The first model has 2 predictor variables and I want to know if the predictive power of the model increases with the addition of the 3rd predictor variable?
you can always look at the R^2 and CV-RMSE of the model with 2 variables vs the model with 3 variables. If the R^2 gets bigger and CV-RMSE gets smaller, then that would indicate the model is better. It doesn't answer the question of how much better, that would depend on the uncertainty of your variables, the size of the coefficients, standard error, etc.
You might try a graphical approach. In fact, I wrote the following method paper specifically because I have seen that so many people on ResearchGate have had similar questions regarding or related to comparing alternative models. Graphics can be very informative.
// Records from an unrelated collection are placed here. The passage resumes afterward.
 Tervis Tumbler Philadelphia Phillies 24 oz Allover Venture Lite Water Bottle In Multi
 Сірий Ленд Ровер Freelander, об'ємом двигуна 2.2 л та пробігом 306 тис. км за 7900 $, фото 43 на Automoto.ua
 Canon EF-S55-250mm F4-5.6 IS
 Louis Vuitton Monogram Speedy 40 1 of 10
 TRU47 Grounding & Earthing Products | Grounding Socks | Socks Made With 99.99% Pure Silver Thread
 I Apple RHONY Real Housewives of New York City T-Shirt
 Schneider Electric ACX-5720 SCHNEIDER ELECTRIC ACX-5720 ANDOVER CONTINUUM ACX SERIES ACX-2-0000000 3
Figures 5 and 6 could each be the result of comparing various pairs of models, not just the models used when I constructed them:
As a statistician, I see the value in statistics, but often graphics are more useful and less subject to misinterpretation. (I have a question somewhat related to that here: https://www.researchgate.net/post/How_often_does_a_statistical_test_have_much_value)
There have been a number of questions similar to yours where, among other things, I have suggested that the questioner research "model validation," and/or "model selection," but I really think graphics are far underrated, and sometimes more rigorous but harder to interpret statistics may not be of as much practical value.
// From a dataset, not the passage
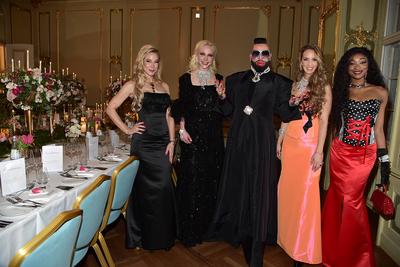 HARALD GL??CKLER ?My Style Rocks? Fashion-Dinner-stock-foto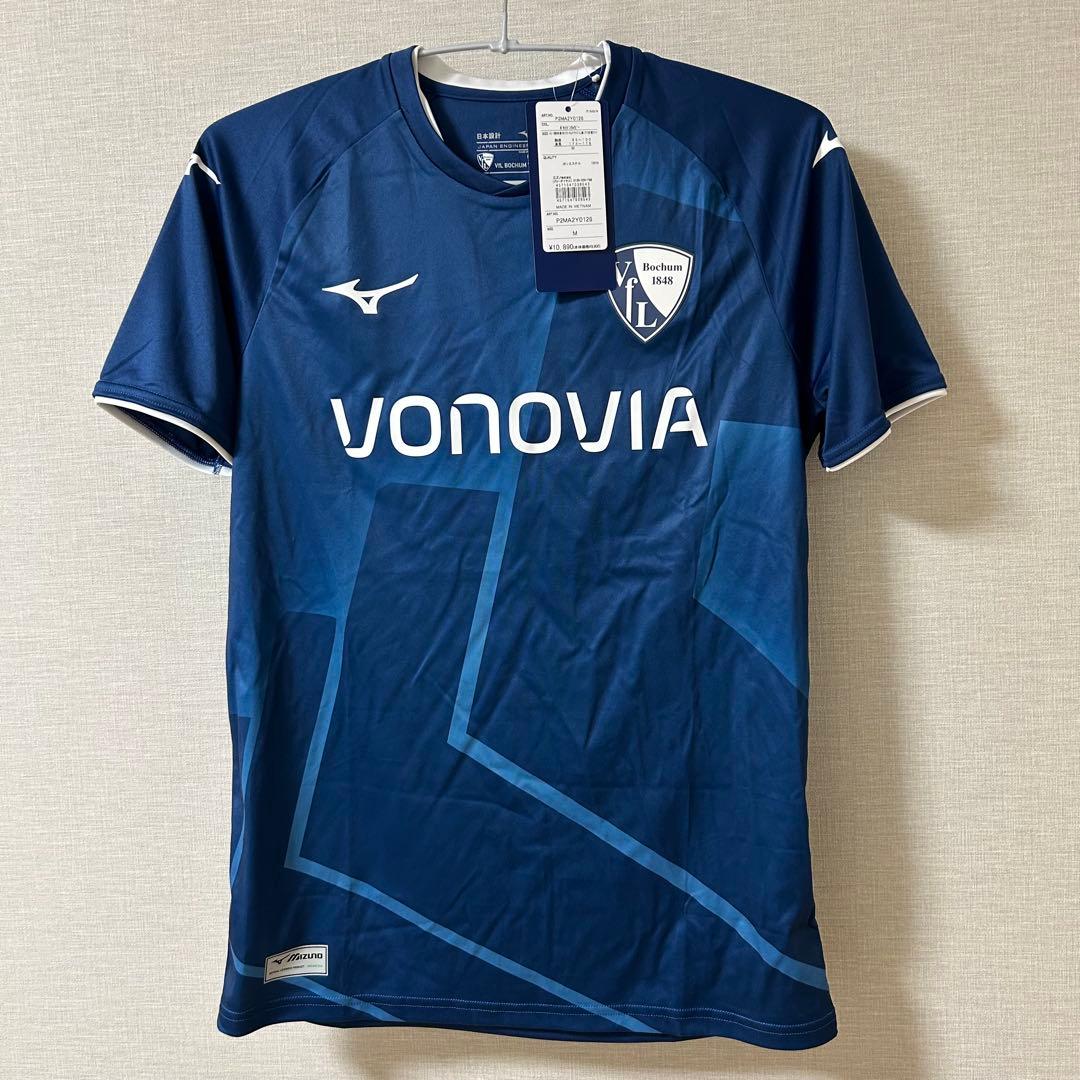 正規品新品☆VfLボーフム22/23ホームユニフォームMサイズ☆ミズノ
Something for you to further note: If you leave out a necessary regressor (i.e., independent variable/predictor) you may have "omitted variable bias." If you use more regressors than you need, you could inflate variance substantially, due to collinearity. There are ways to deal with that latter problem (ridge regression at the expense of bias; principle components at the expense of interpretation; etc), but I think it often best just to use the regressors that subject matter theory, and perhaps residual graphics, both seem to support. (There could be various ways regressors may interact, but if you are only looking at the 'predictive power,' that simplifies the question.)
If you look at the estimated variances of the prediction errors, (for example, the square root of that in SAS PROC REG is STDI), that may often come close to a good and interpretable measure of uncertainty, as they are designed to estimate variance, but because of the way sigma is estimated, bias also has an impact on that measure.
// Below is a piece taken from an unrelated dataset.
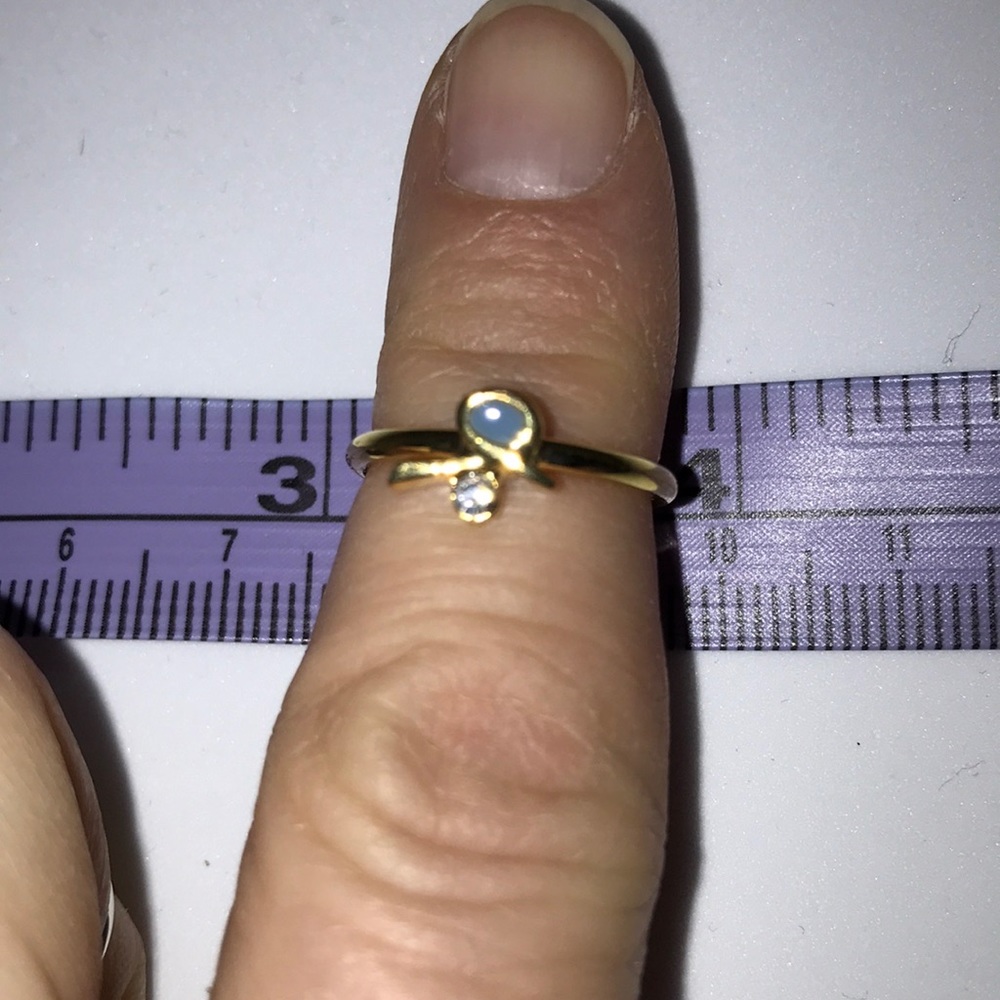 Toe/finger ring adjustable costume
Not knowing the exact nature of your study problem, and data, let me note that you have to decide what applies.
It is to be expected that addition of an extra independent variable to a model will raise the predictive power of the model. Like Fabrice suggested, application of an information criterion like Akaike Infomation Criterion (AIC), Bayesian Information Criterion (BIC), Schwarz Information Criterion (SIC), Hannan Quinn Criterion (HQ), Finite Prediction Error (FPE), etc. will introduce an over-parametrization penalty to allow for parametric parsimony.
More is not always better. (Note "Such models may generalize poorly," stated in the abstract to "Sensitivity and Specificity of Information Criteria," June 27, 2012, Dziak, Coffman, Lanza, and Li,
The Pennsylvania State University, https://methodology.psu.edu/media/techreports/12-119.pdf.)
You might want to research "bias-variance tradeoff."